Mrs May was gone along with in Dublin by the UK’s Brexit mediator Olly Robbins and also her principal of team Gavin Barwell.

The Irish federal government claimed both leaders reviewed “the latest Brexit developments” in addition to the”ongoing political impasse in Northern Ireland”

The conference follows the EU claimed it will certainly hold even more talks with the UK to aid the head of state obtain a Brexit offer via theCommons

Earlier, Attorney General Geoffrey Cox satisfied his Irish equivalent after taking a trip to Dublin for talks.

Speaking in Belfast, Mr Varadkar claimed it was “not a day for negotiations” however it was a possibility to “share perspectives”.

He included that he was seeking to bring back self-confidence and also trust fund with the head of state throughout their conference on Friday evening.

Analysis: Diplomacy over dauphinoise potatoes

By Jayne McCormack, BBC News NI political press reporter

A Friday evening in Dublin for Theresa May as she proceeds searching for a means via for her Brexit offer.

The head of state came in person with her Irish equivalent over a fillet of beef with dauphinoise potatoes and also eco-friendly beans.
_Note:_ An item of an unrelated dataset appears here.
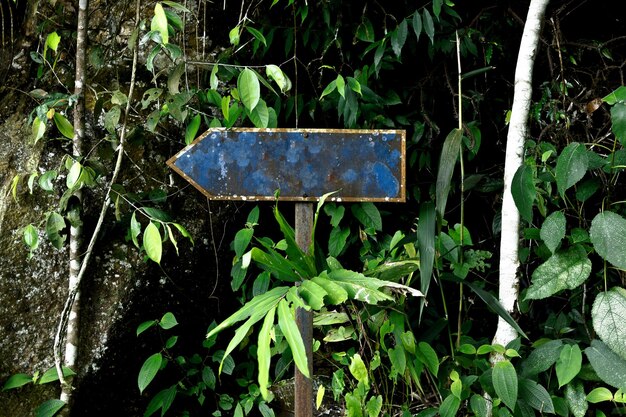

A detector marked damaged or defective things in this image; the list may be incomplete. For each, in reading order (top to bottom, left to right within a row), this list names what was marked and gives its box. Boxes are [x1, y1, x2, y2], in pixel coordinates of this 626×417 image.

rusty metal sign [167, 128, 404, 203]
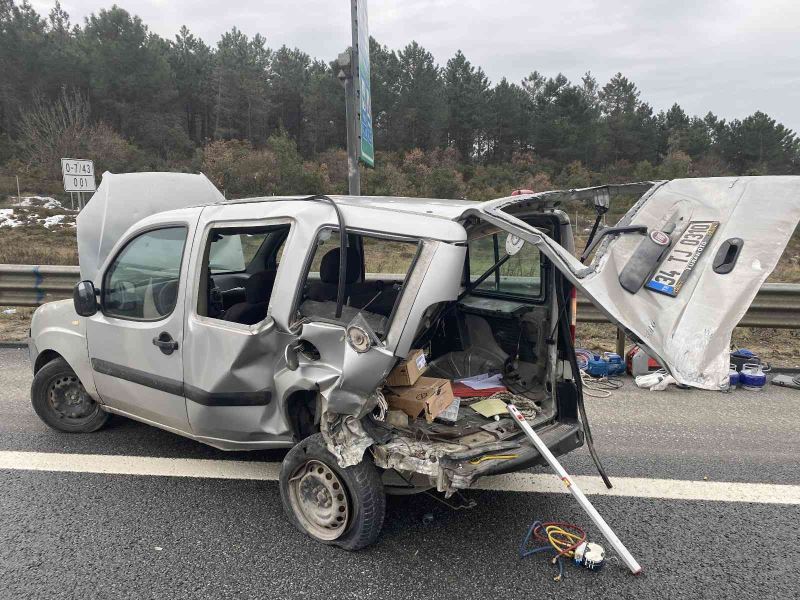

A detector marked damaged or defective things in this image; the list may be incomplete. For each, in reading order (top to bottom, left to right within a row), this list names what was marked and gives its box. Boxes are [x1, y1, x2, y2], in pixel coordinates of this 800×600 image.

severely damaged van [28, 172, 800, 548]
crumpled rear door [466, 175, 800, 390]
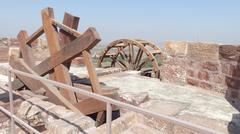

It’s been a polite speedy of a week as Mr Varadkar and also Mrs May have actually jumped from Belfast to Brussels, both looking for support for their particular placements.

It appears specific that the House of Commons will certainly not pass any type of Brexit offer that consists of the present backstop.

But the Irish federal government once again today urged it needs to remain, with Mr Varadkar including that he and also the EU talk to one voice on this.

On Monday, UK-EU talks start (once again) in Brussels – however there’s no indication of a concession boiling down the tracks.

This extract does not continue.